(EXERCISE INSTRUCTIONS)
Would you please transcribe the records below exactly, leaving out the pictures?

(RECORDED INFORMATION)
▬▬▬▬▬▬▬▬▬▬

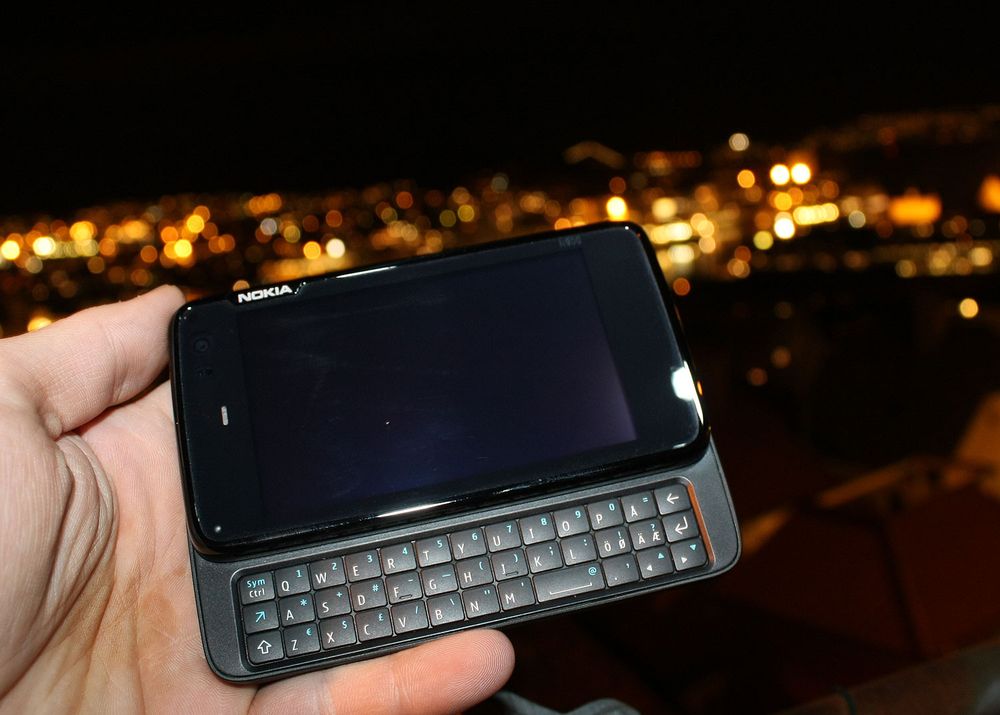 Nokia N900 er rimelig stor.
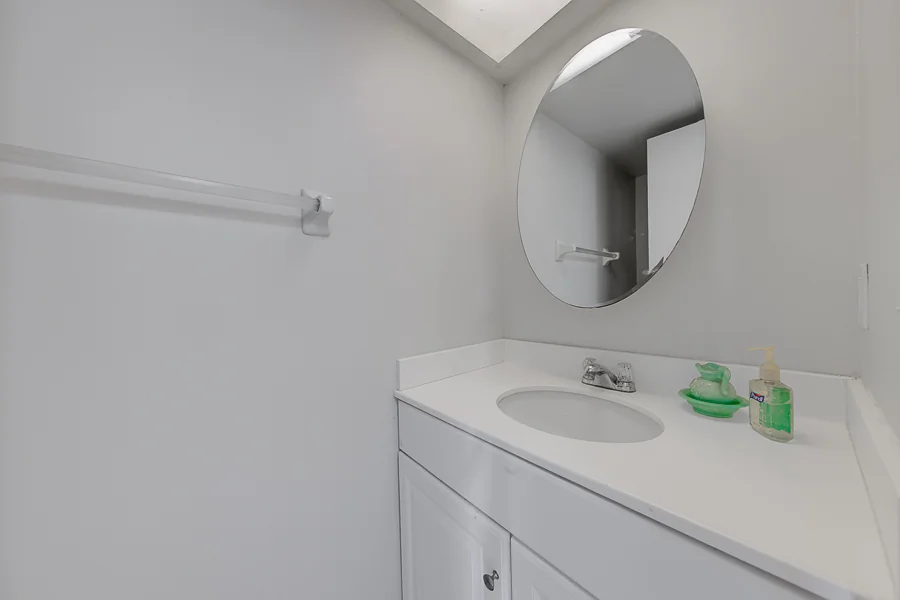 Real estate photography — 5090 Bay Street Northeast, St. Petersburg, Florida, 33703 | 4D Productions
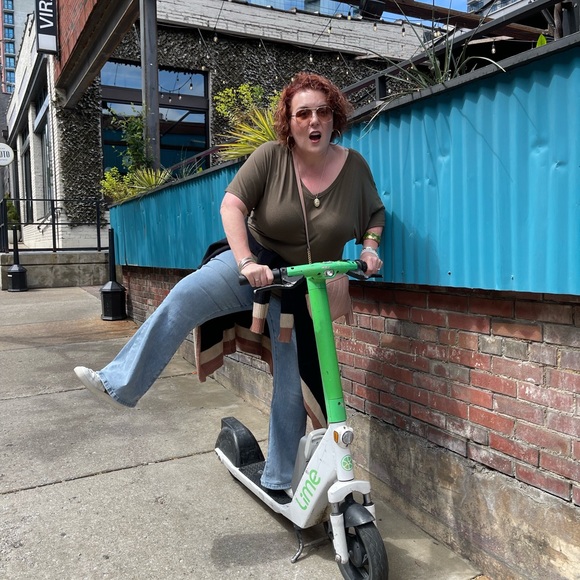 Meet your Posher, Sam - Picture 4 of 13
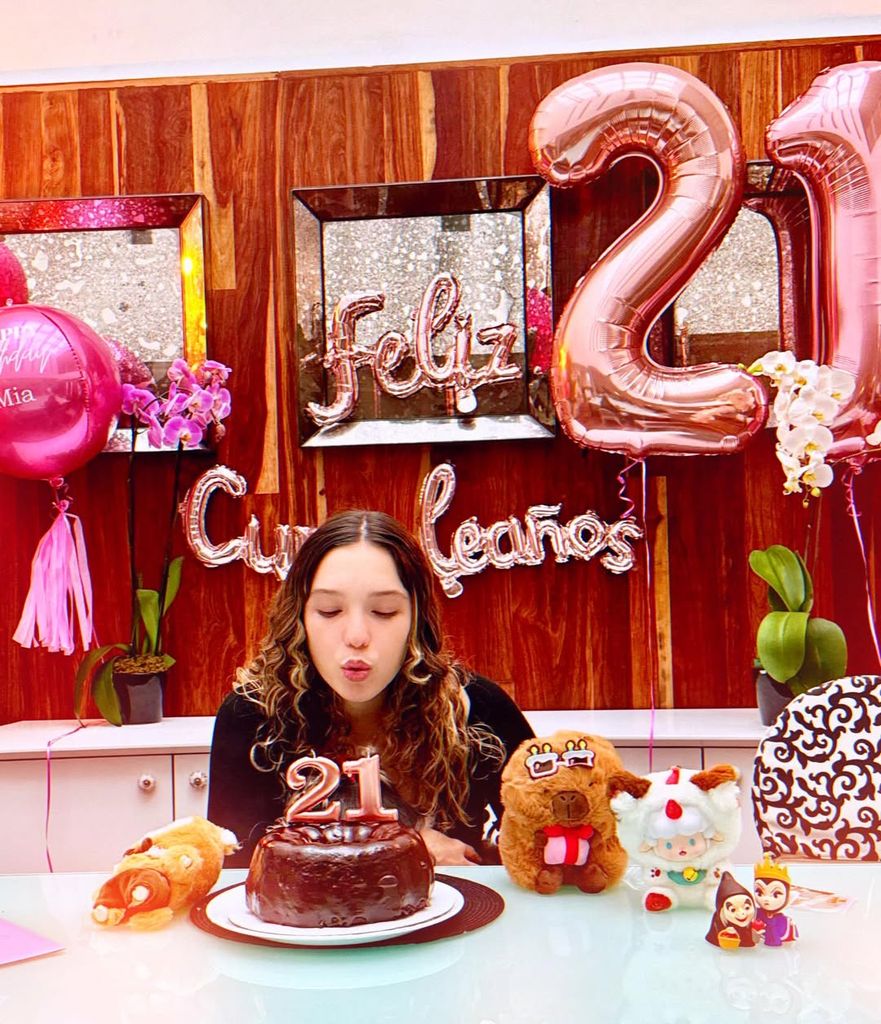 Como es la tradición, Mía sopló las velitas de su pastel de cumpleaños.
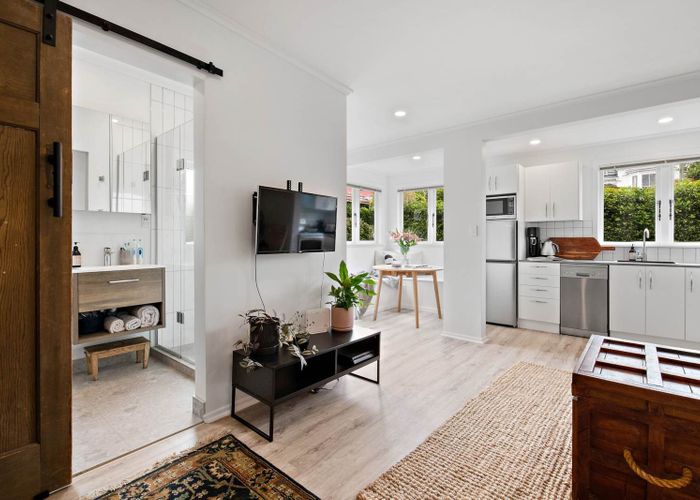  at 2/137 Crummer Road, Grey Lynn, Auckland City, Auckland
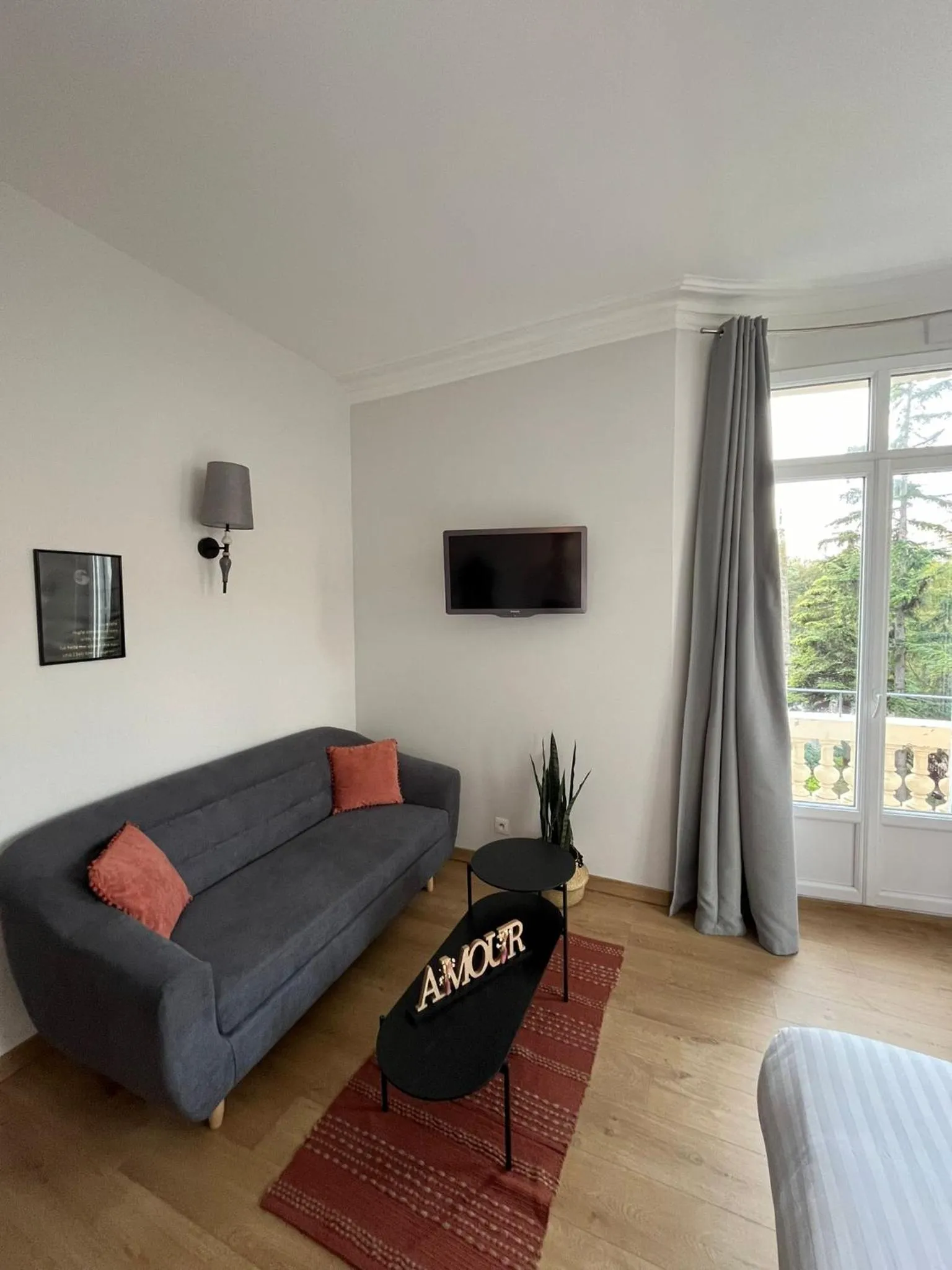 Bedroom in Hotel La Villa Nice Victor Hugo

▬▬▬▬▬▬▬▬▬▬

(EXERCISE OUTPUT)
 Nokia N900 er rimelig stor.
 Real estate photography — 5090 Bay Street Northeast, St. Petersburg, Florida, 33703 | 4D Productions
 Meet your Posher, Sam - Picture 4 of 13
 Como es la tradición, Mía sopló las velitas de su pastel de cumpleaños.
  at 2/137 Crummer Road, Grey Lynn, Auckland City, Auckland
 Bedroom in Hotel La Villa Nice Victor Hugo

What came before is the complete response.